Count II – Defamation Per Quod:
Per quod claims require the pleading of special damages. Plaintiff alleges only generalized reputational and economic harm “in the billions,” without any specific loss of business, contracts, or opportunities. Such speculative and conclusory assertions are insufficient. See Jews For Jesus, Inc. v. Rapp, 997 So. 2d 1098, 1115 (Fla. 2008).
D. The Article Is Protected Speech on a Matter of Public Concern
The article relates to the conduct of a former President and a notorious criminal—both figures of enormous public interest. Courts afford broad First Amendment protection to speech on such matters. Snyder v. Phelps, 562 U.S. 443, 452 (2011). As the Eleventh Circuit has emphasized, even offensive or embarrassing publications concerning public officials are protected unless shown to be knowingly or recklessly false. Silvester v. Am. Broad. Cos., Inc., 839 F.2d 1491, 1493 (11th Cir. 1988).
IV. CONCLUSION
Plaintiff's Complaint fails to plausibly allege actual malice, actionable falsehoods, or legally cognizable damages. It attempts to punish protected journalistic expression and chill public discourse regarding public figures and matters of public concern. This Court should reject that attempt.
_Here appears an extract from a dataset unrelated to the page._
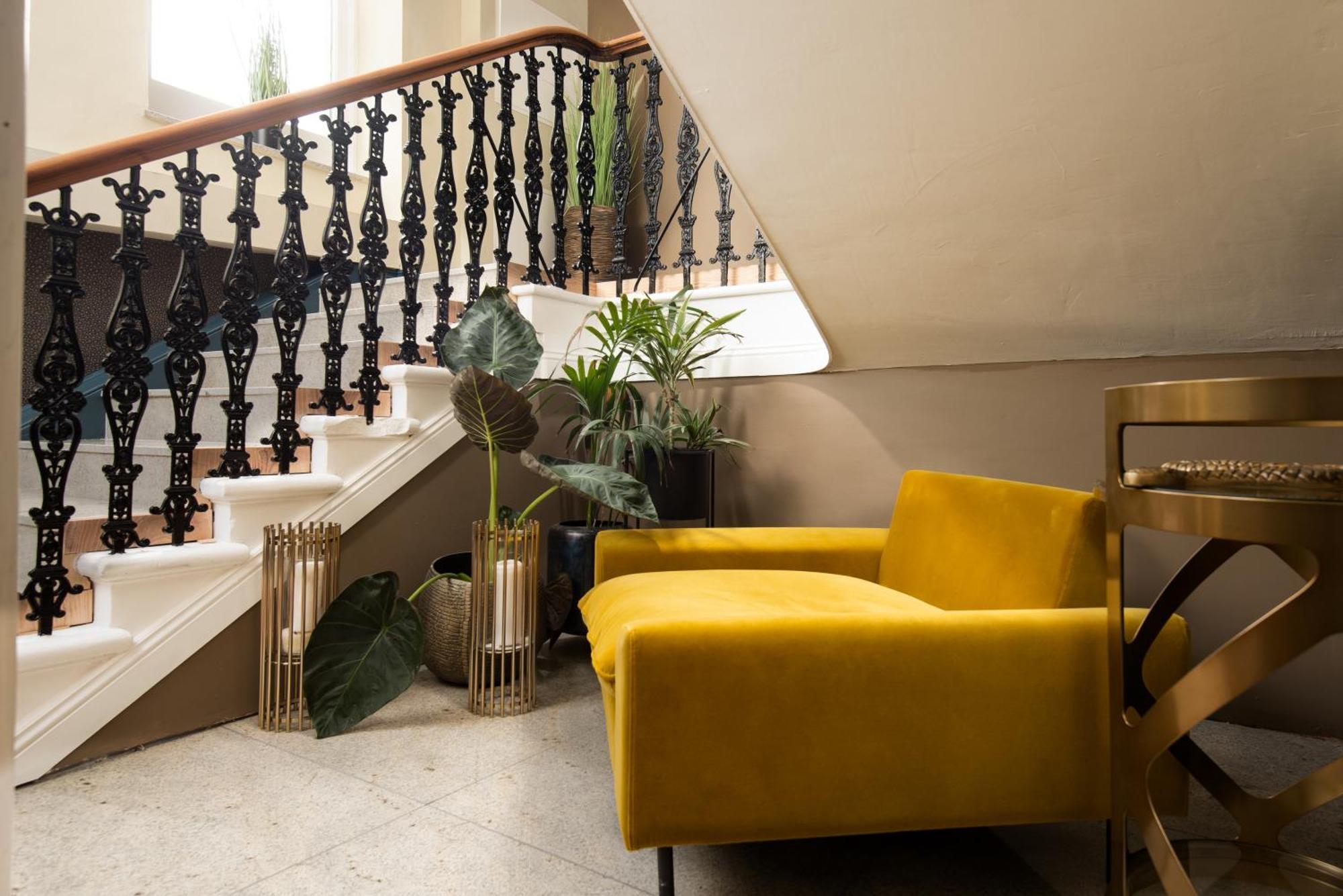 The Balcony Luxury Apartment Berwick Upon Tweed Exterior foto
WHEREFORE, Defendants respectfully request that the Court grant this Motion to Dismiss with prejudice, award Defendants their costs and fees as permitted by law, and grant such further relief as this Court deems just and proper.
Respectfully submitted,
/s/ \[Attorney Name]
Expect defendants to make a Touhy request. This is a formal legal request submitted to a federal agency, such as the Department of Justice (DOJ), FBI, or any other federal executive branch agency, when a party in a legal proceeding wants documents, records, or testimony from that agency or its employees.
It’s named after the U.S. Supreme Court case United States ex rel. Touhy v. Ragen, 340 U.S. 462 (1951). That case upheld the federal government's ability to limit or regulate the release of information through its own internal rules, even when faced with a court subpoena.
Also keep in mind that Federal Rule 11(b) prohibits attorneys from filing pleadings for an improper purpose (like harassment), based on frivolous legal arguments, or factual contentions lacking evidentiary support. If a court finds that Trump’s lawsuit was filed without factual basis, for political theater, or to intimidate the press, a motion for sanctions is appropriate.